Fondazione Gimbe. La denuncia: il Def 2017 conferma il progressivo definanziamento del servizio sanitario nazionale. Nel 2019 la spesa sarà al di sotto della soglia di allarme fissata dall’organizzazione della sanità nel caso della crescita del Pil inferiore alle attese. Rischio di ridurre prestazioni e accesso alle cure
Nel 2019 Italia spenderà solo il 6,4% del Pil, soglia allarme per qualità assistenza e longevità. Il rischio di diminuire l’accesso alle cure, incidendo sulla qualità della vita dei cittadini è sempre più concreto. La fondazione Gimbe ha condotto un’analisi del documento di economia e finanza (Def) 2017, ora all’esame della commissione Sanità del Senato, e sostiene che il rapporto tra spesa sanitaria e Pil diminuirà dal 6,7% del 2017 al 6,5% nel 2018 per precipitare al 6,4% dal 2019. Una percentuale mai raggiunta in passato, inferiore alla soglia di allarme fissata dall’Organizzazione mondiale della sanità: il 6,5% sul prodotto interno lordo.
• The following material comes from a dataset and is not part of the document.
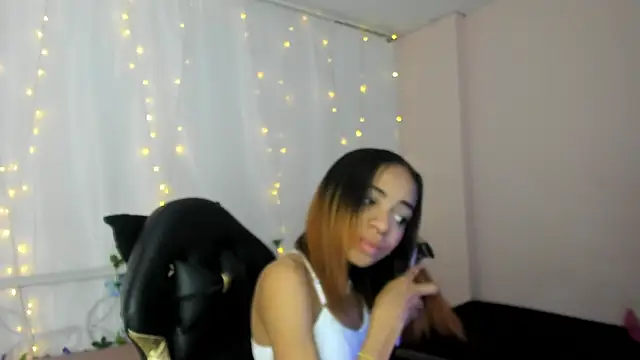 Abigail Wilson  online show from February 2025 08:28:01 PM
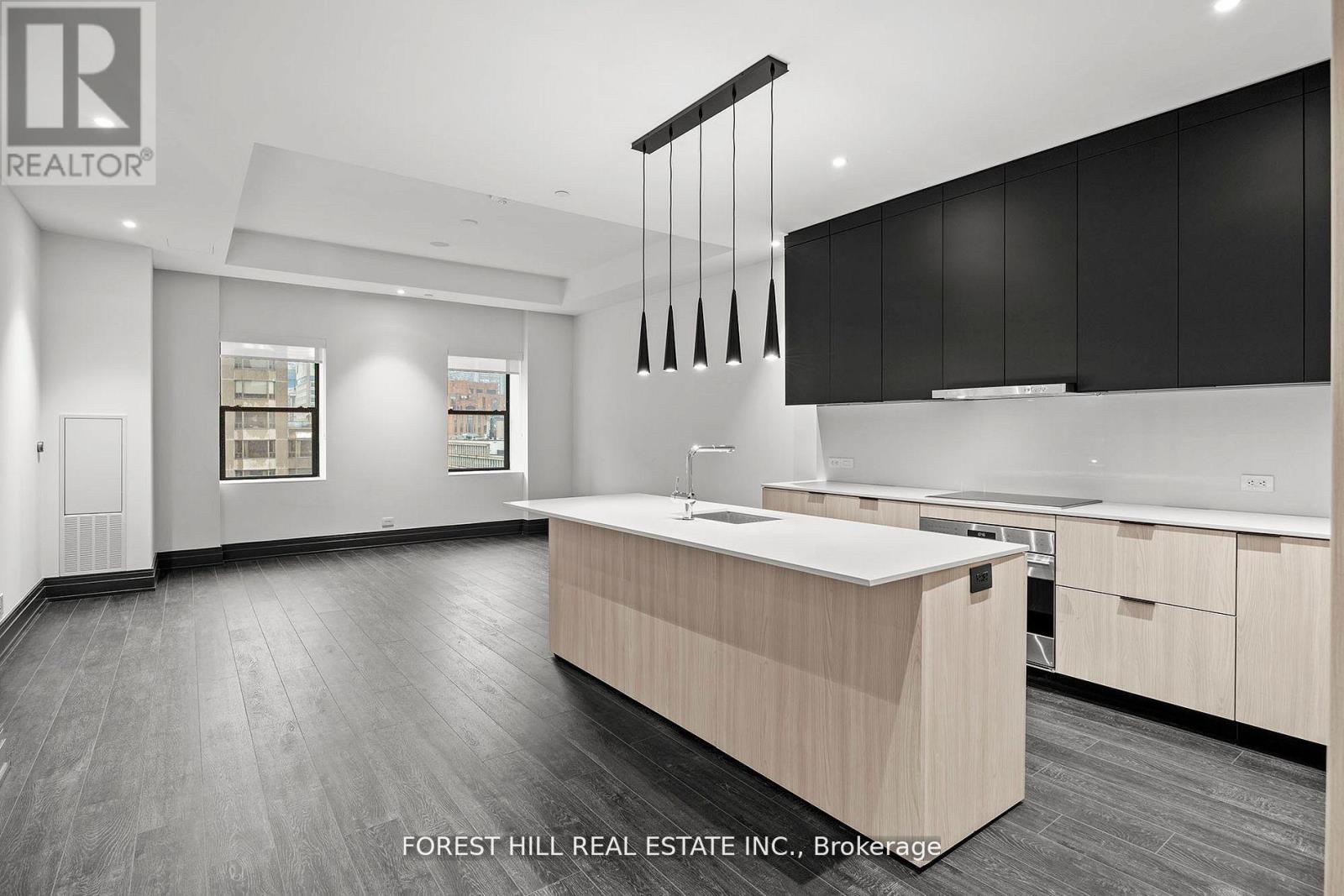 Apartment at 602 - 2 AVENUE ROAD, Toronto (Annex)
Questo inciderà sulla qualità dell’assistenza, sull’accesso alle cure e sull’aspettativa di vita delle persone. Se le stime contenute nel Def, com’è noto documento assai provvisorio, il rischio è di «profondo rosso».
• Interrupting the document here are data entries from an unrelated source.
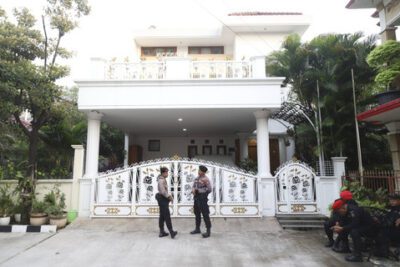 KPK Menggeledah Rumah Sekjen PDIP Hasto; PDIP Bereaksi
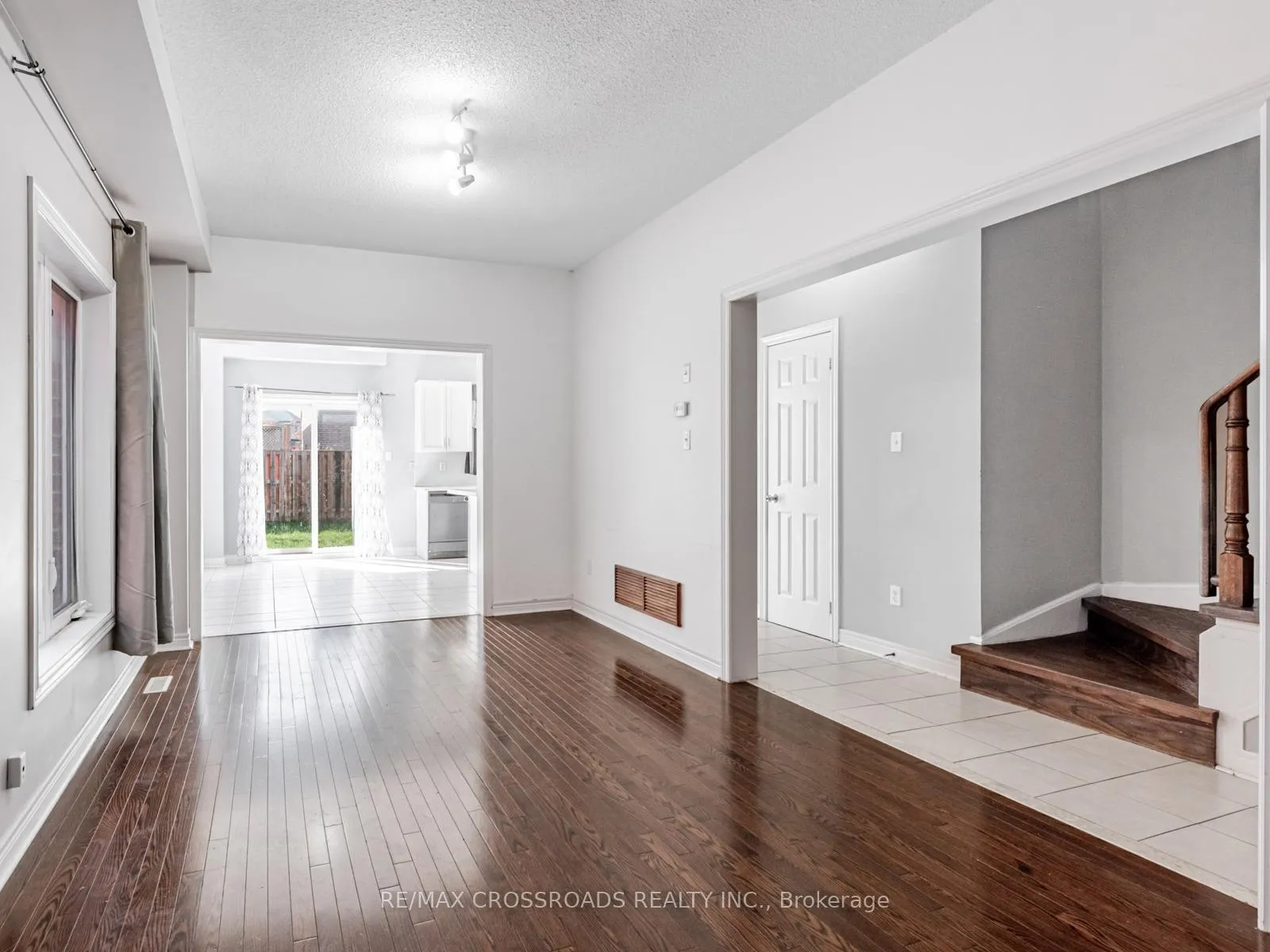 Photo 5 of 81 Lahore Crescent, Markham, Cedarwood — HOMEH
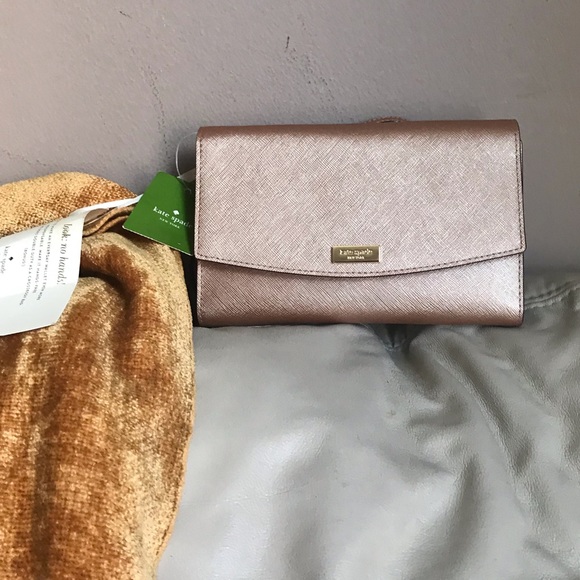 kate spade Handbags - New with tag Kate spade rose gold crossbody bag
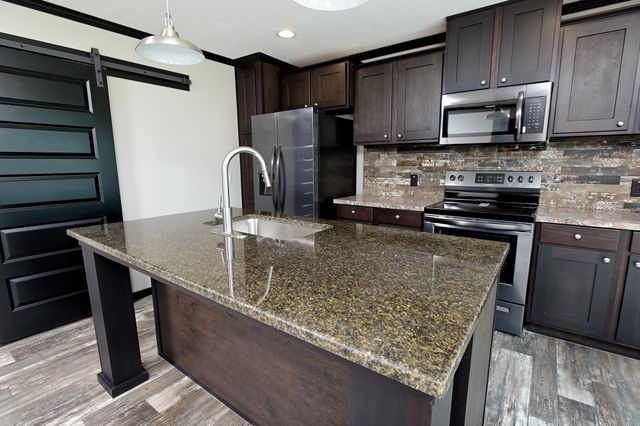 435 Back Project Road, Schriever, LA 70395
Nel triennio 2018-2020 il Pil nominale dovrebbe crescere in media del 2,9% l’anno. L’incremento della spesa sanitaria dovrebbe attestarsi su tasso medio annuo dell’1,3%. Per la sanità pubblica questo significa passare dai 114,138 miliardi di euro stimati per il 2017 a 115,068 nel 2018, a 116,105 nel 2019 e 118,570 nel 2020. «Sulle cifre assolute – sostiene Nino Cartabellotta, presidente della Fondazione Gimbe – è meglio non farsi troppe illusioni, perché negli ultimi anni la sanità ha sempre ricevuto molto meno di quanto previsto dal Def. Clamoroso l’esempio del 2016: i 117,6 miliardi di euro stimati dal Def 2013 si sono ridotti a 116,1 con il Def 2014, quindi a 113,4 con il Def 2015, per arrivare con la legge di Stabilità 2016 a un finanziamento reale di 111 miliardi, comprensivi di 800 milioni di euro da destinare ai nuovi Lea».
Se le stime del Def fossero confermate nella manovra a fine anno nel prossimo triennio la sanità pubblica potrà disporre delle stesse risorse in termini di potere di acquisto solo se la ripresa economica del Paese sarà in linea con previsioni più che ottimistiche, visto che la crescita stimata del Pil è del1,1% nel 2017 e del 1% nel 2018 e nel 2019. Se, invece, saranno più basse ci saranno conseguenze: crescendo meno del Pil nominale, la spesa sanitaria non coprirà nemmeno l’aumento dei prezzi. E la sanità continuerà a perdere terreno. Secondo l’Ocse la spesa totale pro-capite è inferiore alla media (3.272 contro 3.814 dollari). Tra i paesi del G7 l’Italia è fanalino di coda per spesa totale e pubblica, ma secondi per spesa a carico dei cittadini. «Negli ultimi 10 anni la politica si è progressivamente sbarazzata di una consistente quota della spesa pubblica destinata alla sanità senza essere capace di rinforzare la spesa privata intermediata, con la conseguenza che la spesa a carico dei cittadini nel 2016 ha sfiorato i 35 miliardi di euro» aggiunge Cartabellotta.
Anche i nuovi «Lea» suscitanho perplessità: «presentati come grande traguardo politico rischiano di trasformarsi in illusione collettiva con gravi effetti collaterali: allungamento delle liste d’attesa, aumento della spesa out-of-pocket, sino alla rinuncia alle cure. Infatti, la necessità di estendere oltre ogni limite il consenso ha generato un inaccettabile paradosso, figlio di contraddizioni politiche e di una programmazione sanitaria sganciata da quella finanziaria».